Cultura e Spettacoli

Madri, figlie e isole del sud al docu-festival di Zingaretti

L’universo femminile protagonista al concorso lanciato dall’attore. In giuria Gabanelli, Sironi, Occhipinti

Michele Anselmi

da Siena

Se chiedi a Luca Zingaretti perché s'è messo in testa di inventare e dirigere a Siena una Festa del documentario, la risposta è telegrafica: «Ma perché è una bella idea». Poi, aggiustandosi il cappelluccio da baseball verde e mostrando la t-shirt nera con la scritta-logo Hai visto mai?, precisa: «Nell'epoca delle “news on line”, della diretta tv, del mondo che va veloce, il documentario rappresenta un’occasione per riflettere e approfondire una storia, un concetto, un argomento». Così, partendo da una passione avidamente coltivata che l’ha portato a girare due documentari, il commissario Montalbano s'è tramutato in un fattivo direttore di festival: tutto a titolo gratuito, per il piacere di farlo da queste parti (in Val di Serse ha acquistato un casale in rovina), mettendo insieme un nutrito gruppo di sponsor (l’intero budget si aggira sui 70mila euro) e invitando in giuria alcuni amici fidati, da Alberto Sironi a Milena Gabanelli, da Sandro Petraglia ad Andrea Occhipinti.
E dunque: Hai visto mai?. Titolo amichevole e sdrammatizzante, che invita alla curiosità, anche infantile, benché l'intestazione della rassegna reciti subito dopo Inediti italiani su temi sociali e di costume.
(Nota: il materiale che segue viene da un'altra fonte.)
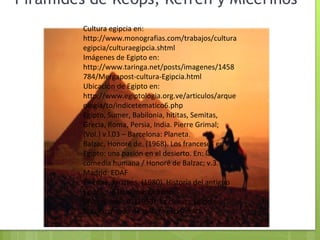 Pirámides de Kéops, Kefrén y Micerinos  Cultura egipcia en: http://www.monografias.com/trabajos/culturaegipcia/culturaegipcia.shtml Imágenes de Egipto en: http://www.taringa.net/posts/imagenes/1458784/Mergapost-cultura-Egipcia.html Ubicación de Egipto en: http://www.egiptologia.org.ve/articulos/arqueologia/to/indicetematico6.php Egipto, Sumer, Babilonia, hititas, Semitas, Grecia, Roma, Persia, India. Pierre Grimal; (Vol.) v.l.03 – Barcelona: Planeta. Balzac, Honoré de. (1968). Los franceses en Egipto: una pasión en el desierto. En: la comedia humana / Honoré de Balzac; v.3. Madrid: EDAF Pirenne, Jacques. (1980). Historia del antiguo Egipto. –Barcelona: Océano. Wilson, John A. (1953). La cultura Egipcia. México: fondo de cultura económica. 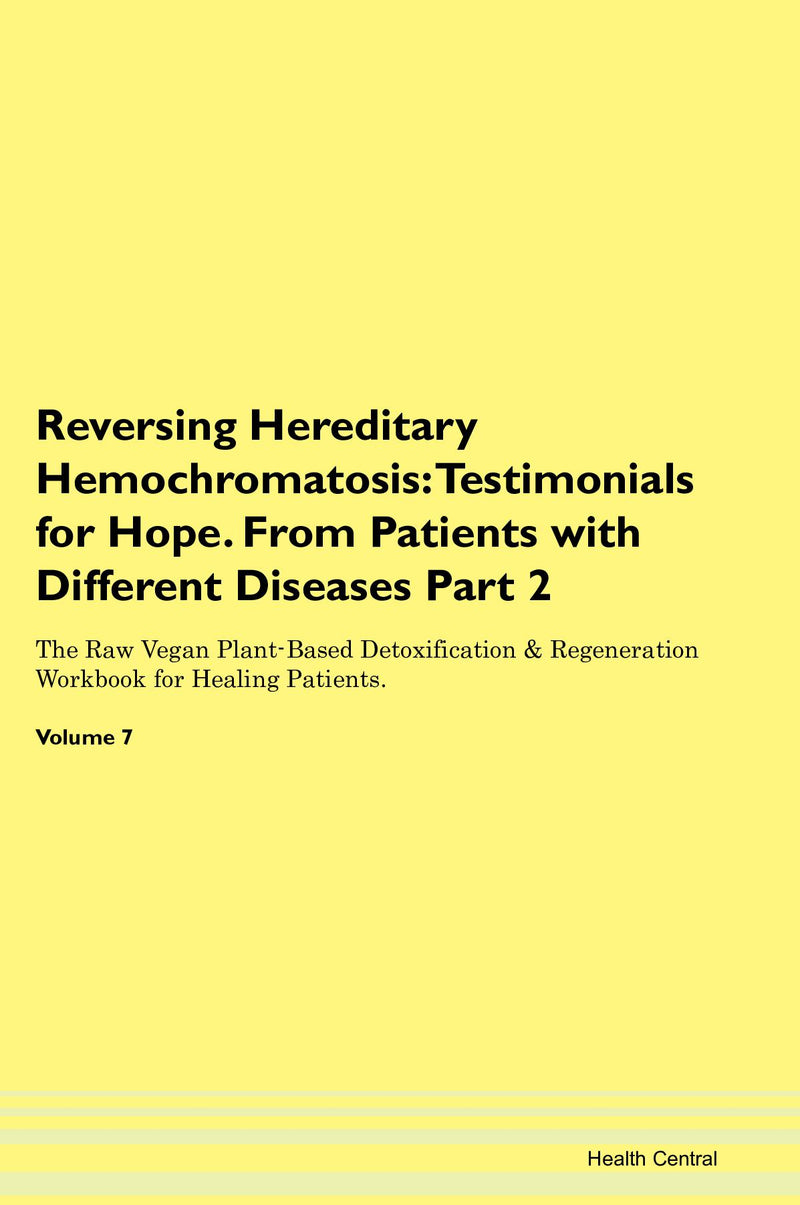 Reversing Hereditary Hemochromatosis: Testimonials for Hope. From Patients with Different Diseases Part 2 The Raw Vegan Plant-Based Detoxification & Regeneration Workbook for Healing Patients. Volume 7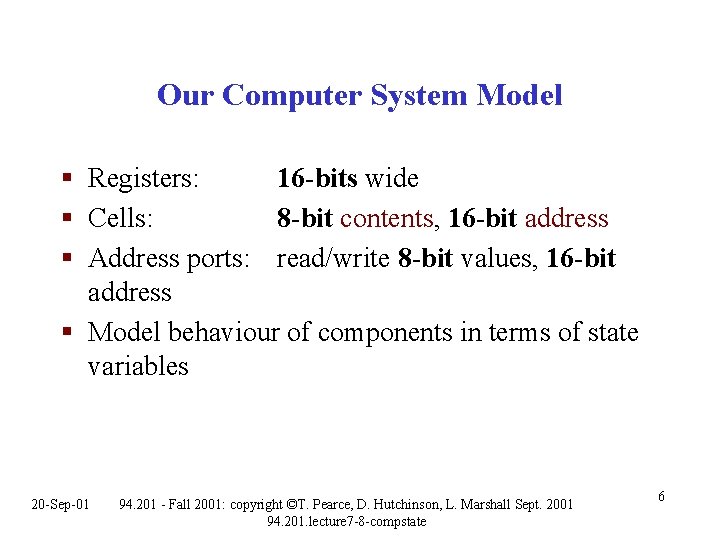 Our Computer System Model § Registers: 16 -bits wide § Cells: 8 -bit contents, Our Computer System Model § Registers: 16 -bits wide § Cells: 8 -bit contents,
Un recipiente abbastanza ampio per accogliere pietanze e cibi diversi, ovvero una decina di filmati inediti in concorso, il migliore dei quali, a parere dei giurati, sarà proiettato da una delle tre reti Rai. Ma il menu contempla anche una sezione fuori competizione, detta Nessuno escluso, più incontri e lezioni d’autore (giovedì pomeriggio il facondo Gianni Minà ha presentato il suo In viaggio con Che Guevara, ieri la Gabanelli ha spiegato rischi e tecniche dell’inchiesta tv modello Report).
Al settimo piano del complesso Santa Maria della Scala il quartier generale, dove sciamano dalla mattina alle dieci registi e giornalisti, esperti del ramo e spettatori locali. Ieri la giornata ha decisamente riservato un occhio di riguardo al côté femminile del documentario. Non fosse altro perché, in rapida successione, si sono visti Di madre in figli di Fabiana Sargentini e Isola Femmina di Gaspare Pellegrino e Corrado Fortuna (già protagonista di My name is Tanino). A pensarci bene, due sguardi sull’universo muliebre, sia pure da punti di vista diversi.
La Sargentini, ad esempio, dopo il suo Io sono incinta che registrava lo sgomento maschile di fronte alla rivelazione di una prossima paternità, indaga sul rapporto complicato, anche molto conflittuale, che unisce/divide madri e figlie. Una decina i «casi» presi in esame, pescati in un ambiente medio-alto, per lo più intellettuale, lo stesso della regista, e però raccontati con tenera durezza, senza censurare nulla, incluse lacrime e crisi di nervi. Madri sessantenni troppo avvolgenti o freddamente assenti, figlie trentenni impietose e fragili, a loro volta madri di bambine che quasi strappano l'applauso con le loro uscite. «Mamma è strampalata, sfortunata, spiritosa e appiccicosa», dice una che non ha neanche dieci anni; e un'altra, più piccola: «Ho lavorato tanto per avere una riuscita così di me stessa». La domanda cruciale: «Che cosa non perdoni a tua madre?». La madre della regista, tatuaggi indiani e occhi bistrati, rivela senza esitare: «Non le perdonerò mai... tutto».
Più lieve ed elegiaco, con qualche punta di commozione, il ritratto che Pellegrino e Fortuna cesellano dell'isola di Favignana, di fronte a Trapani, meta estiva di tanta gente dello spettacolo. Ma è una Favignana «fuori stagione» quella che ci appare, quando gli abitanti tornano ad essere meno di tremila. L’idea è di filmarla come «un'isola delle donne», ora giovani e combattive, ora straniere e naturalizzate, ora anziane e nostalgiche della gloriosa Tonnara Florio chiusa da tempo.

Il tono malinconico riserva qualche accensione comica (quella Pina con figlia a Dublino), e certo si esce dalla sala con una gran voglia di prendere l’aereo per quei luoghi aspri e silenziosi che certo non dispiacerebbero a Montalbano.